How to complete this task:
All of the records listed below should be retyped exactly.

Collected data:
--

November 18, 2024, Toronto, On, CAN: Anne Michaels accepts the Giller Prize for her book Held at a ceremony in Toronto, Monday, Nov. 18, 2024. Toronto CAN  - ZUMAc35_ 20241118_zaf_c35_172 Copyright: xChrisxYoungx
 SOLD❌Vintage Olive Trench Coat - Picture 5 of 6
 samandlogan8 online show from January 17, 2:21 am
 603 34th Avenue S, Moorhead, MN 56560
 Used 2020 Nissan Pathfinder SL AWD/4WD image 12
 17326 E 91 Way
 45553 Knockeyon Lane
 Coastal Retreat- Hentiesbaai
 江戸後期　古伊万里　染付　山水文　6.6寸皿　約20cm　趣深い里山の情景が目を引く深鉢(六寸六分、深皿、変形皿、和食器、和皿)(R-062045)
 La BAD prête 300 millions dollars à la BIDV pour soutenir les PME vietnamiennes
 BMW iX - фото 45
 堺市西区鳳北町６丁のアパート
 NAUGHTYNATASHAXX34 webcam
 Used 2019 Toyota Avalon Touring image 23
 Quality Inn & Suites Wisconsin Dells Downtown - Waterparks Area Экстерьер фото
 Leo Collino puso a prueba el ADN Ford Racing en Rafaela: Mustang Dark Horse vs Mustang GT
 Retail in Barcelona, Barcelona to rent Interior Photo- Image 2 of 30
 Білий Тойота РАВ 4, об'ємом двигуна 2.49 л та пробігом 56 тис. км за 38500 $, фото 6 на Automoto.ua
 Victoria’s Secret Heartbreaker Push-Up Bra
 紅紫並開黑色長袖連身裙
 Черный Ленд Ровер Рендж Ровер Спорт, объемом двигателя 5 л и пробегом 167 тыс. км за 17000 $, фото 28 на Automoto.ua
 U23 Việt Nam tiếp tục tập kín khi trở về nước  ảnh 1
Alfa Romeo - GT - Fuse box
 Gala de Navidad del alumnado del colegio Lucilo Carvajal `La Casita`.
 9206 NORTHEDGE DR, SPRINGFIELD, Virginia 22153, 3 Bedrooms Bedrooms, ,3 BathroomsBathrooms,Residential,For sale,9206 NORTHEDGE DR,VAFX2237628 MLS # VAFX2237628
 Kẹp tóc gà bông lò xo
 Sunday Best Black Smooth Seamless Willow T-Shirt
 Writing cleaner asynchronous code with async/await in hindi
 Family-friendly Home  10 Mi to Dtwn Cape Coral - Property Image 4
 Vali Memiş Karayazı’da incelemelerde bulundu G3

--

Solution to this exercise:
November 18, 2024, Toronto, On, CAN: Anne Michaels accepts the Giller Prize for her book Held at a ceremony in Toronto, Monday, Nov. 18, 2024. Toronto CAN  - ZUMAc35_ 20241118_zaf_c35_172 Copyright: xChrisxYoungx
 SOLD❌Vintage Olive Trench Coat - Picture 5 of 6
 samandlogan8 online show from January 17, 2:21 am
 603 34th Avenue S, Moorhead, MN 56560
 Used 2020 Nissan Pathfinder SL AWD/4WD image 12
 17326 E 91 Way
 45553 Knockeyon Lane
 Coastal Retreat- Hentiesbaai
 江戸後期　古伊万里　染付　山水文　6.6寸皿　約20cm　趣深い里山の情景が目を引く深鉢(六寸六分、深皿、変形皿、和食器、和皿)(R-062045)
 La BAD prête 300 millions dollars à la BIDV pour soutenir les PME vietnamiennes
 BMW iX - фото 45
 堺市西区鳳北町６丁のアパート
 NAUGHTYNATASHAXX34 webcam
 Used 2019 Toyota Avalon Touring image 23
 Quality Inn & Suites Wisconsin Dells Downtown - Waterparks Area Экстерьер фото
 Leo Collino puso a prueba el ADN Ford Racing en Rafaela: Mustang Dark Horse vs Mustang GT
 Retail in Barcelona, Barcelona to rent Interior Photo- Image 2 of 30
 Білий Тойота РАВ 4, об'ємом двигуна 2.49 л та пробігом 56 тис. км за 38500 $, фото 6 на Automoto.ua
 Victoria’s Secret Heartbreaker Push-Up Bra
 紅紫並開黑色長袖連身裙
 Черный Ленд Ровер Рендж Ровер Спорт, объемом двигателя 5 л и пробегом 167 тыс. км за 17000 $, фото 28 на Automoto.ua
 U23 Việt Nam tiếp tục tập kín khi trở về nước  ảnh 1
Alfa Romeo - GT - Fuse box
 Gala de Navidad del alumnado del colegio Lucilo Carvajal `La Casita`.
 9206 NORTHEDGE DR, SPRINGFIELD, Virginia 22153, 3 Bedrooms Bedrooms, ,3 BathroomsBathrooms,Residential,For sale,9206 NORTHEDGE DR,VAFX2237628 MLS # VAFX2237628
 Kẹp tóc gà bông lò xo
 Sunday Best Black Smooth Seamless Willow T-Shirt
 Writing cleaner asynchronous code with async/await in hindi
 Family-friendly Home  10 Mi to Dtwn Cape Coral - Property Image 4
 Vali Memiş Karayazı’da incelemelerde bulundu G3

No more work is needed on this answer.